Top of Given data

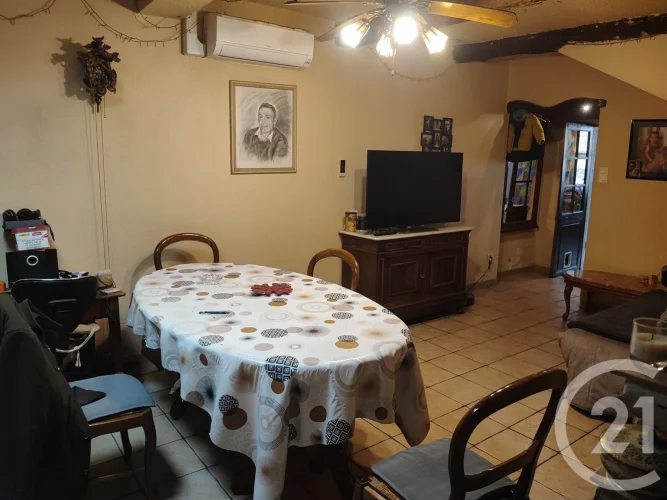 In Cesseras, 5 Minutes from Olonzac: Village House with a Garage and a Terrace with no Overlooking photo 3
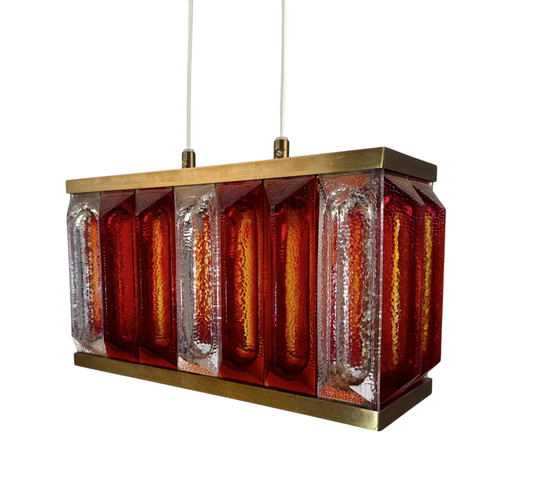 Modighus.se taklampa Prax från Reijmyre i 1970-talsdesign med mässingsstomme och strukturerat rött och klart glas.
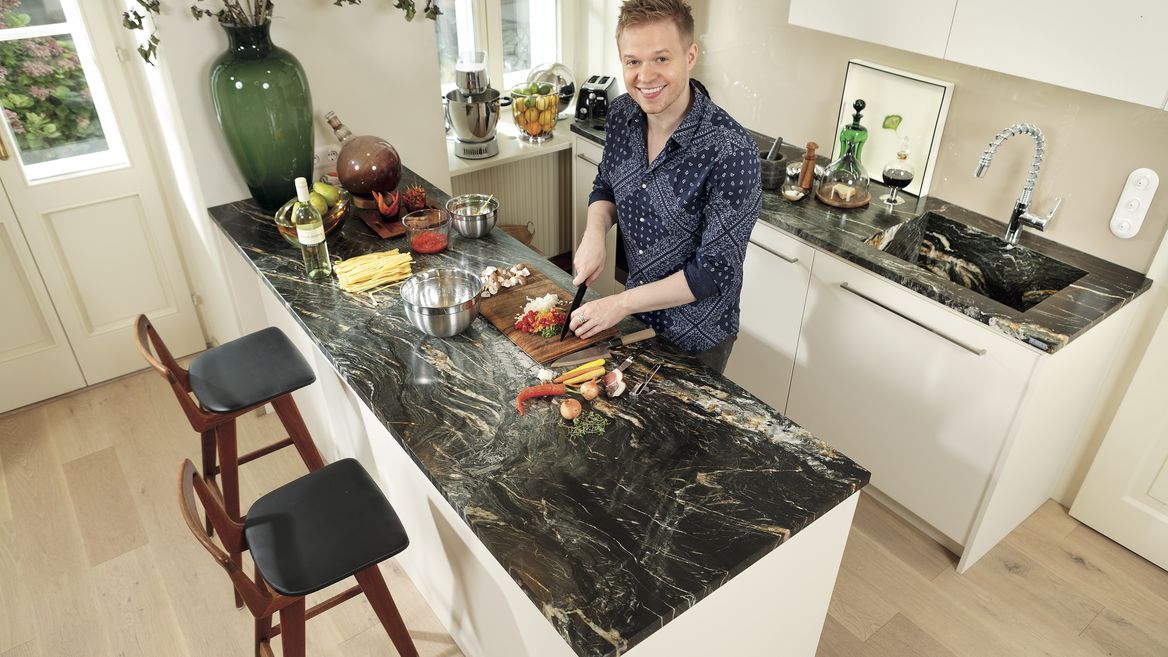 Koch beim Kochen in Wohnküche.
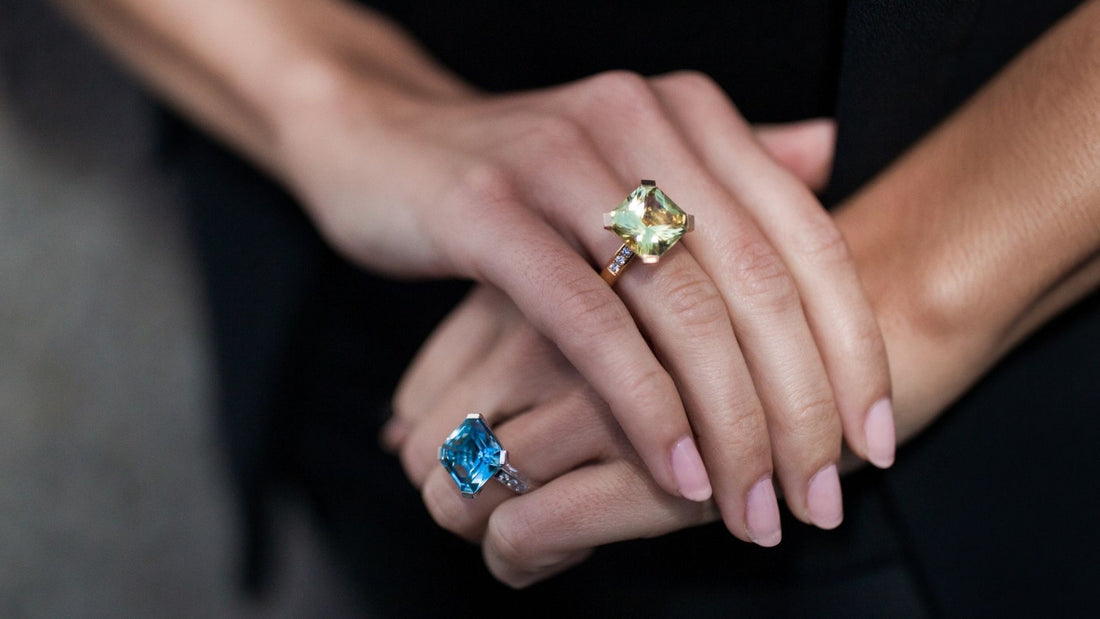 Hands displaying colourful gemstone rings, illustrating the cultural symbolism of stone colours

Bottom of Given data

## What you are asked to do
Only the lines from the line with "Modighus.se taklampa Prax" through the closing line of the data, both included, should be set down, exactly as written and without pictures.

## Exercise output
 Modighus.se taklampa Prax från Reijmyre i 1970-talsdesign med mässingsstomme och strukturerat rött och klart glas.
 Koch beim Kochen in Wohnküche.
 Hands displaying colourful gemstone rings, illustrating the cultural symbolism of stone colours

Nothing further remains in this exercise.